» **What this task involves**
Without the images, print every line of the material below exactly as given.

» **Raw data**

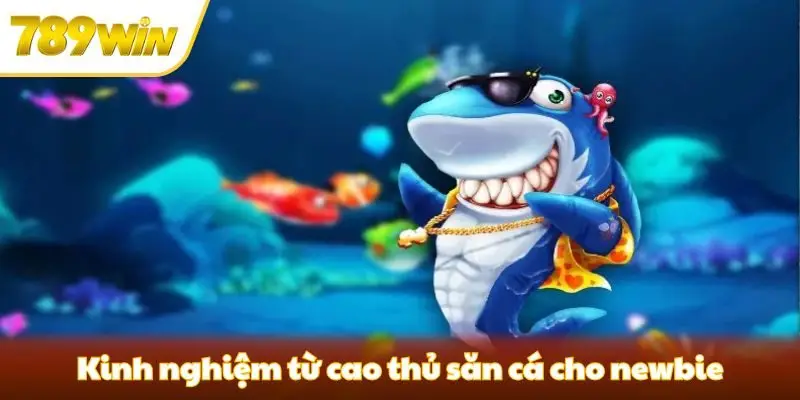 Top các kinh nghiệm từ cao thủ săn cá cho newbie mới tham gia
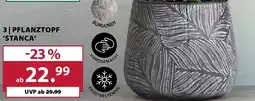 Dehner Pflanztopf stanca Angebot
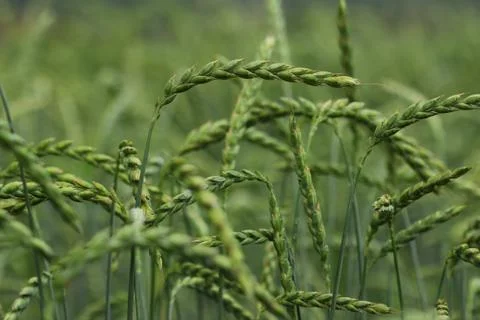 Field of corn, spelt, dinkel Stock Photos
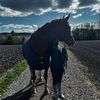 ingeborg_p.r.i.v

» **Answer area**
 Top các kinh nghiệm từ cao thủ săn cá cho newbie mới tham gia
 Dehner Pflanztopf stanca Angebot
 Field of corn, spelt, dinkel Stock Photos
 ingeborg_p.r.i.v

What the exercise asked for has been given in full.